Every decision we make at Dig is intentional, and powerful. The goal? To change the food system by investing in waste reduction; a sustainable future of farming; and a locally-sourced, vegetable-driven menu. Because we are doing this at scale—6 million customers a year and counting—our impact is large and immediate.
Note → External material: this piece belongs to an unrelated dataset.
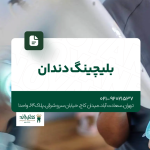 بلیچینگ دندان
To give you a behind-the-scenes look at what we’re up to, here’s Dig by the numbers:

  1. 110,000 signature market bowls served per week
  2. 31 different crops grown on the Dig Farm, including rare and heirloom varieties like Fairytale Eggplant and Montreal Melons
  3. 2,722,641 lbs of local produce sourced
  4. 102 farmers and partners in our rolodex
  5. 93,720 lbs of donated food (78,109 meals) for the hungry—up 25% from 2016
  6. 37,196 lbs of offset carbon emissions
  7. 1,156,997 lbs of cosmetically challenged (‘ugly’) vegetables saved from landfill—an 800% increase from 2016
  8. 5,000 guests, on average, through the doors of each Dig restaurant per week. That’s about 6 million per year
  9. 21,000 lbs of produce harvested on the Dig Farm
  10. 168 bowl combinations on our late summer menu featuring Dig Farm produce
  11. 210,335 lbs of fruit and vegetables purchased from minority growers in the first four months of 2018

*Note: All facts from 2017 unless otherwise stated.